What is needed: Exclude the pictures, and otherwise reproduce the data in full.

Data block:
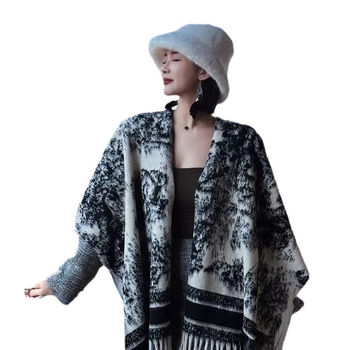 Sievietēm šalle-pelerīna no mākslīgā kašmīra, moderns stils, totem motīvs, adīta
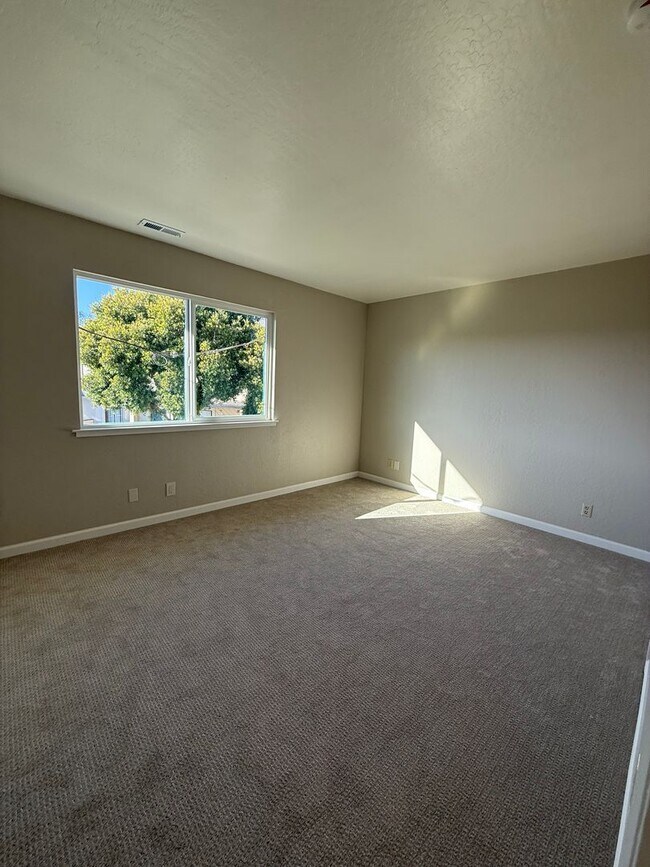 Building Photo - Light-Filled Modern 3 Bedroom Townhome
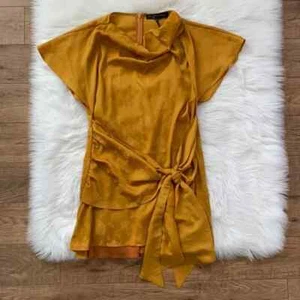 Neu mit Etikett House of Harlow 1960 x Revolve goldgelbes Minikleid Blumenmuster Medium - Bild 1 von 5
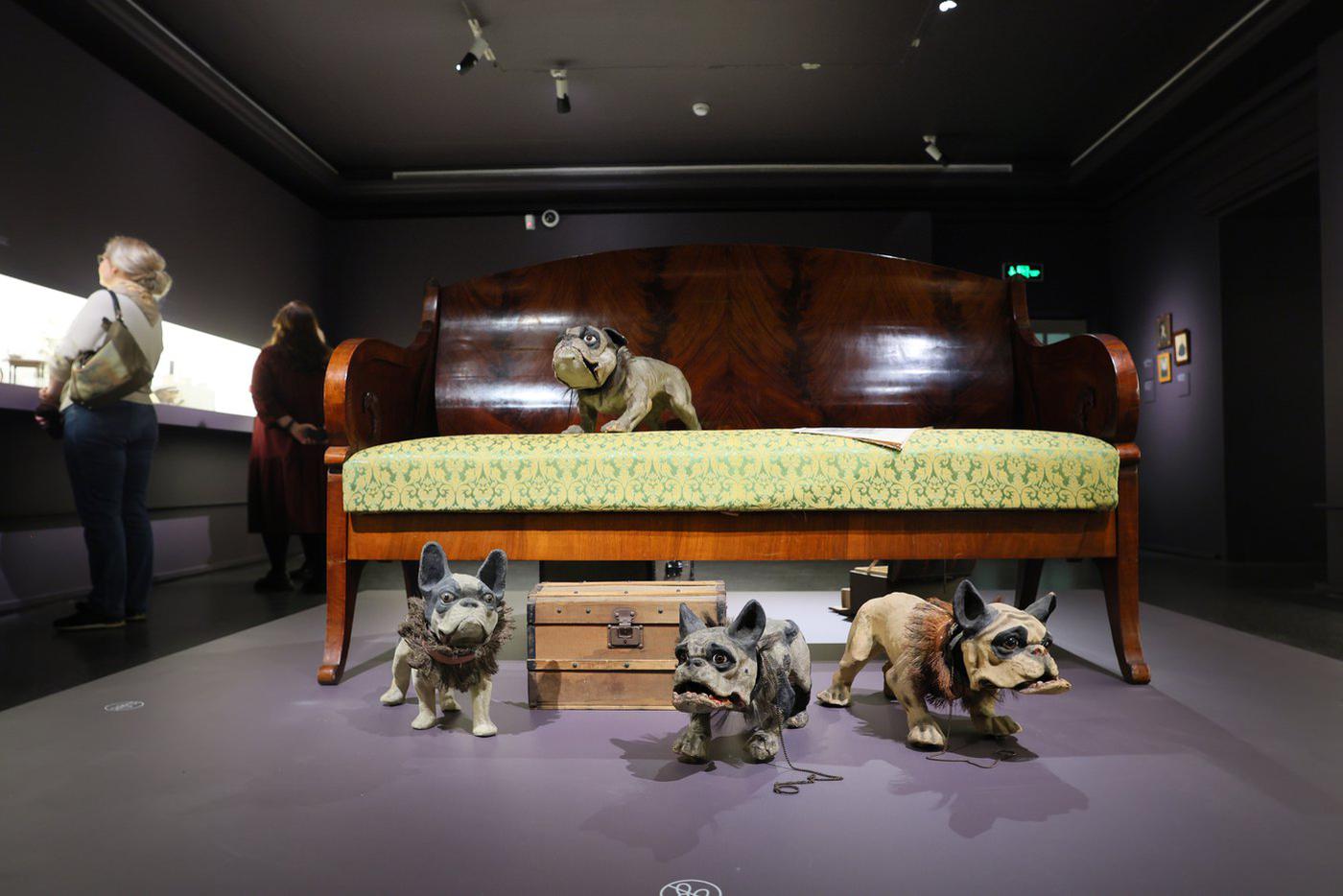 Технический прогресс в ХIХ веке сильно повлиял на изготовление игрушек для мальчиков. Дети российского императора любили играть заводными французскими бульдогами, которые умели двигать головой.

Written response:
 Sievietēm šalle-pelerīna no mākslīgā kašmīra, moderns stils, totem motīvs, adīta
 Building Photo - Light-Filled Modern 3 Bedroom Townhome
 Neu mit Etikett House of Harlow 1960 x Revolve goldgelbes Minikleid Blumenmuster Medium - Bild 1 von 5
 Технический прогресс в ХIХ веке сильно повлиял на изготовление игрушек для мальчиков. Дети российского императора любили играть заводными французскими бульдогами, которые умели двигать головой.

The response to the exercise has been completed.